Pengguna media sosial yang geram atas argumennya lantas menyumpahi, memaki, dan mengutuki di timeline-nya masing-masing. Tak sedikit pula yang menyindir sekaligus memparodikan argumentasinya seperti, “Membakar hakim tidak merusak sistem peradilan. Karena masih bisa pilih hakim lagi.”
Saya sendiri spontan tertawa ngakak ketika pertama kali melihat meme Hakim Parlas muncul di beranda Facebook. Kok bisa, seorang hakim yang jelas-jelas mengenyam pendidikan tinggi, mengungkapkan argumentasi seperti itu.
Pendidikan Hakim Parlas tidak main-main lho. Dia merupakan alumni S1 Universitas Sumatera Utara (1985) dan S2 Sekolah Tinggi Hukum IBLAM Jakarta (2004). Dengan kata lain, jika melihat jenjang pendidikannya, semestinya dia bisa memilih argumentasi yang lebih adil dan bermoral dalam sebuah persidangan.
Semua orang juga tahu, hutan yang dibakar bisa ditanami lagi. Dan, kebanyakan ditanami pohon sawit. Lantas, bagaimana dengan nasib masyarakat di sekitar hutan yang dibakar? Bagaimana nasib masyarakat yang terserang kabut asap? Bagaimana? Bagaimana? Bagaimana?
Namun, ya begitulah nasibmu, “Yang Mulia” Hakim Parlas.
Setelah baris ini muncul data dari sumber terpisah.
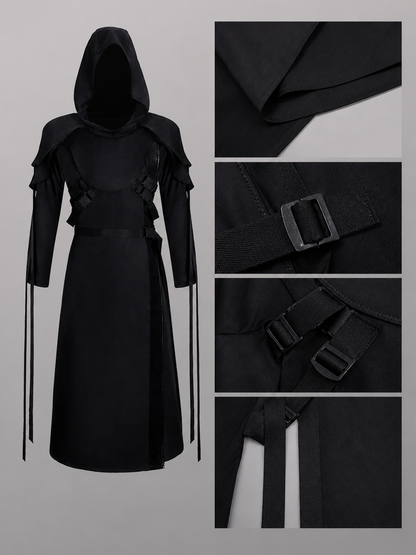 Black Carnival Cloak with Hood for Cosplay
Mulutmu, mememu.
Wajah Anda kini sudah kadung menjadi sasaran lelucon masyarakat. Dan, Anda sudah tak dapat menarik lagi kata-kata Anda.
Bagi saya, argumen Anda yang kemudian melahirkan begitu banyak meme, telah menjadi hiburan menyegarkan. Apalagi argumen tersebut terucap di negeri yang mulai kehilangan selera humor ini.
Argumen Anda pun sekaligus meyakinkan diri saya, bahwa masyarakat kita masih peka terhadap bahasa. Intuisi masyarakat terhadap bahasa masih jalan.
Masyarakat kita masih sanggup merasakan, mencerna, dan menilai; mana bahasa yang relevan, dan mana bahasa yang … ah sudahlah.[]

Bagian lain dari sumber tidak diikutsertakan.